Task requirements:
All lines from the one that contains "KA1054 Draad 1x1,5mm² rood, per meter" to the end of the data must be retyped exactly. Pictures are not retyped.
++++++++++
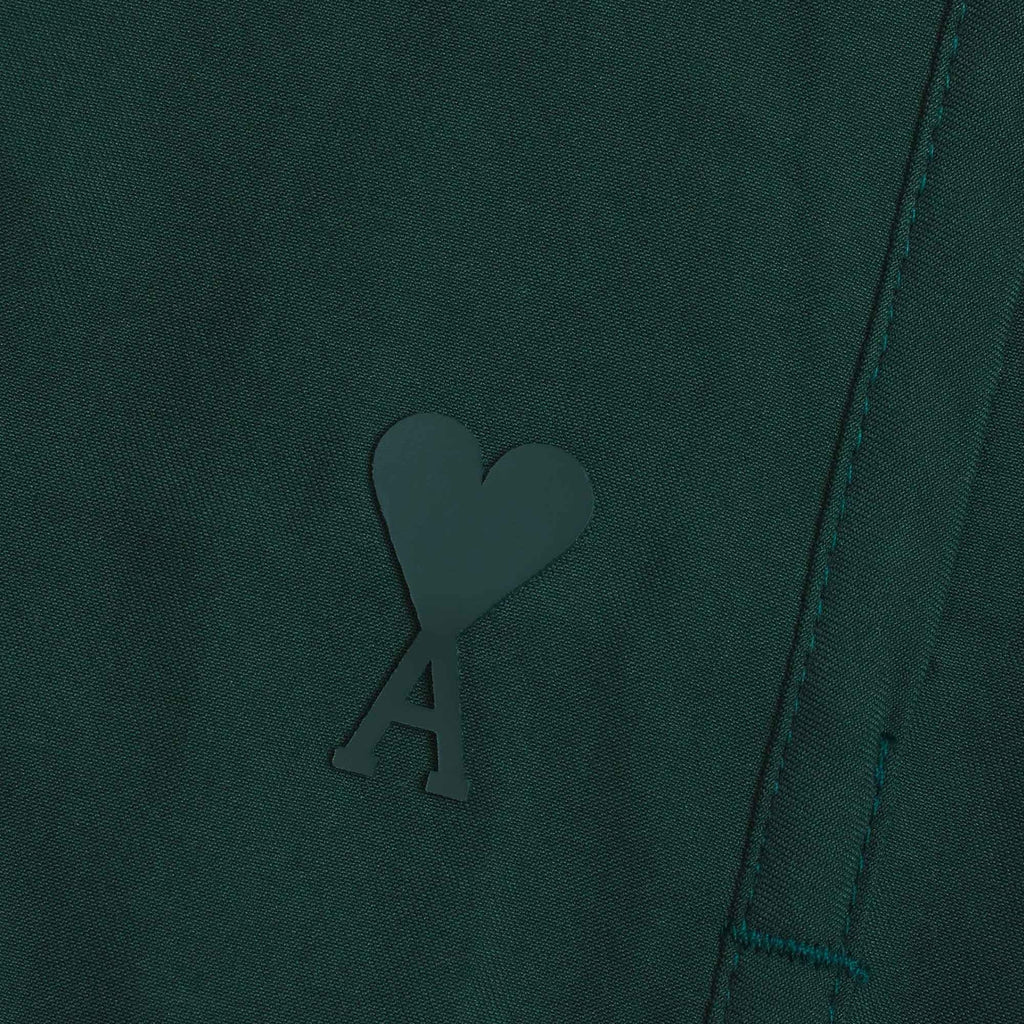 De Coeur Swim Shorts - Evergreen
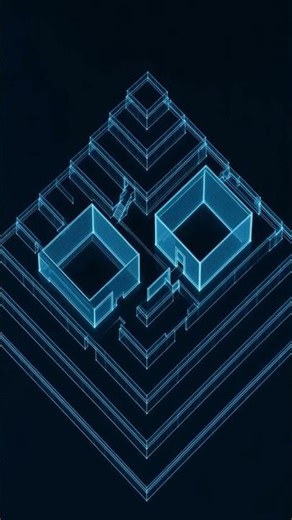 The Hidden Chamber Inside the Great Pyramid – Sealed for 4,500 Years 🏺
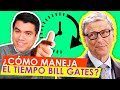 "COMO ORGANIZO MI TIEMPO" - Bill Gates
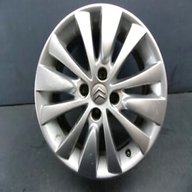citroen c4 picasso alloy wheels for sale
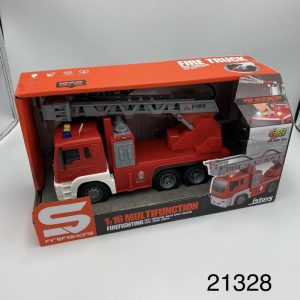 Zabawki STRAŻ POŻARNA WÓZ 6784762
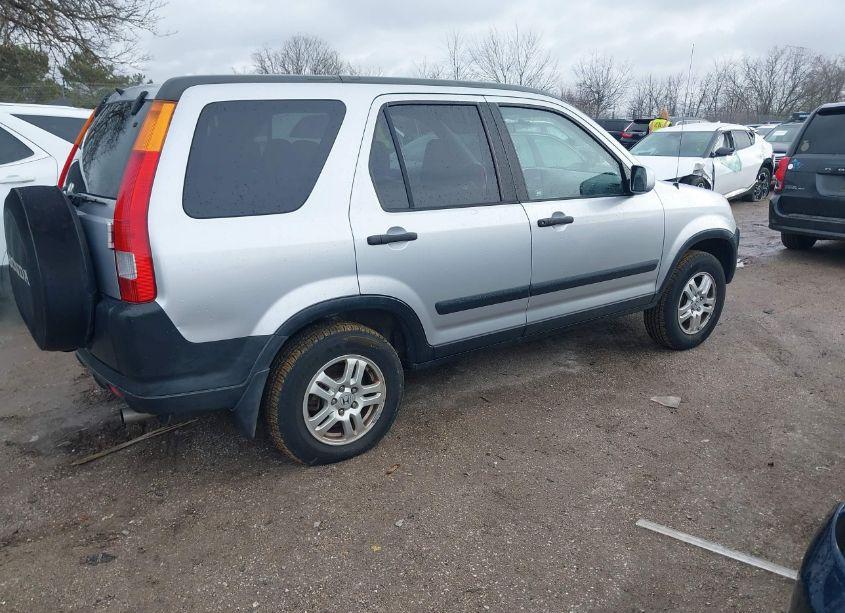 Photo 4 of 2002 Honda Cr-v EX (VIN JHLRD78822C029146)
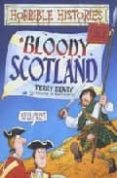 bloody scotland-terry deary-9780590543408 bloody scotland-terry deary-9780590543408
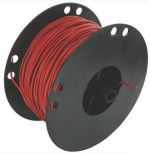 KA1054 Draad 1x1,5mm² rood, per meter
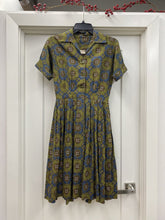 Load image into Gallery viewer, Miss Bryant vintage dress S/XS
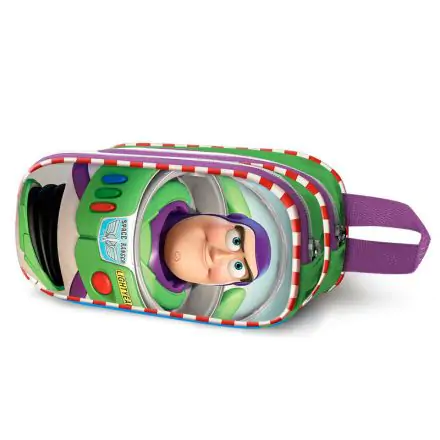 Disney Pixar Toy Story Buzz Lightyear 3D dupla tolltartó termékfotó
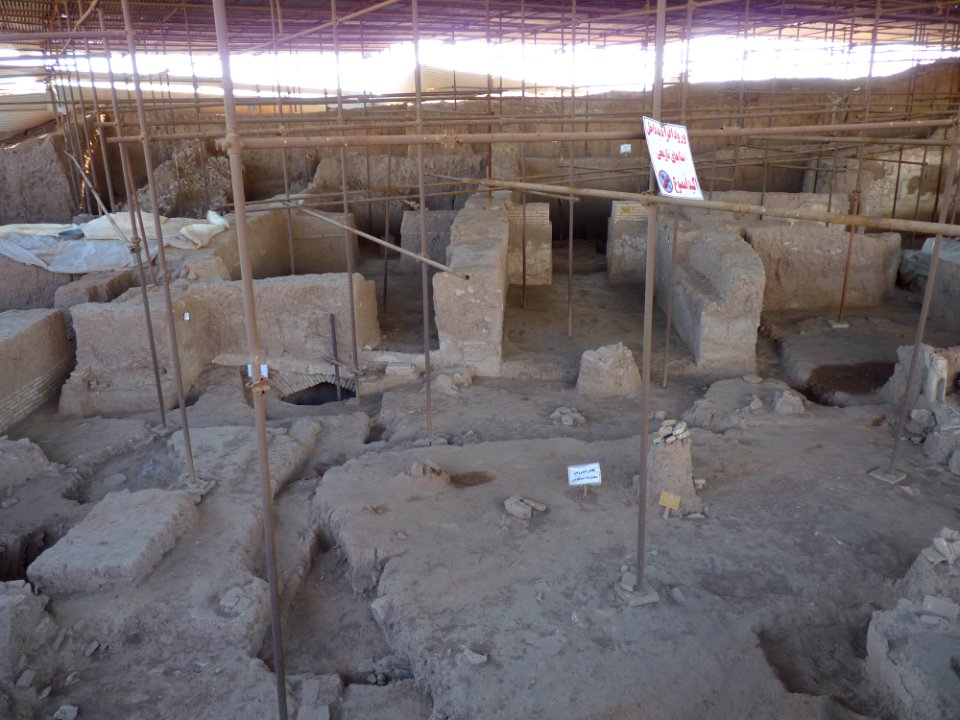 Shadiyakh excavations 02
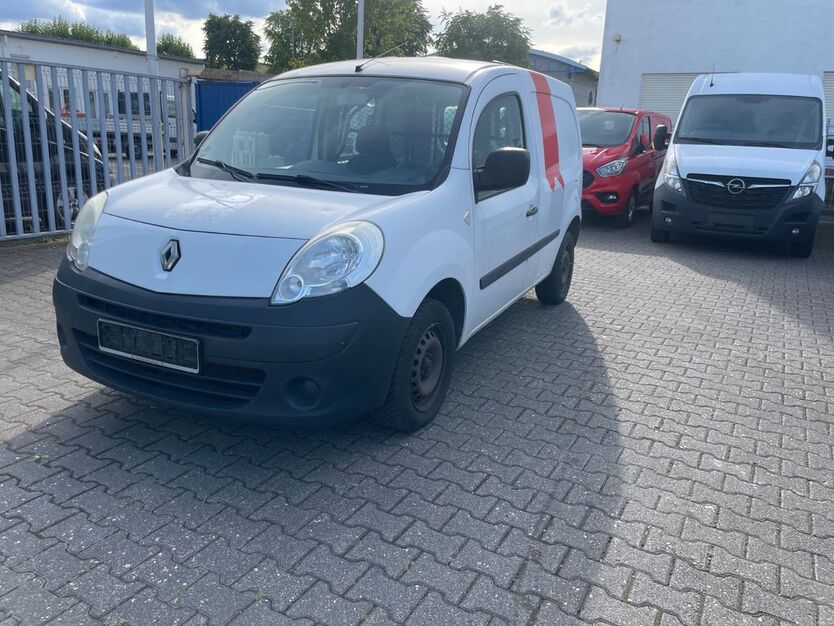 Renault Kangoo 120.000 km 2.890 € Mainz 55129
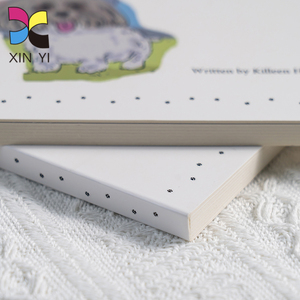 工厂定制设计彩色儿童板书儿童出版印刷服务 - Product Image 3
++++++++++
Result of this exercise:
 KA1054 Draad 1x1,5mm² rood, per meter
 Load image into Gallery viewer, Miss Bryant vintage dress S/XS
 Disney Pixar Toy Story Buzz Lightyear 3D dupla tolltartó termékfotó
 Shadiyakh excavations 02
 Renault Kangoo 120.000 km 2.890 € Mainz 55129
 工厂定制设计彩色儿童板书儿童出版印刷服务 - Product Image 3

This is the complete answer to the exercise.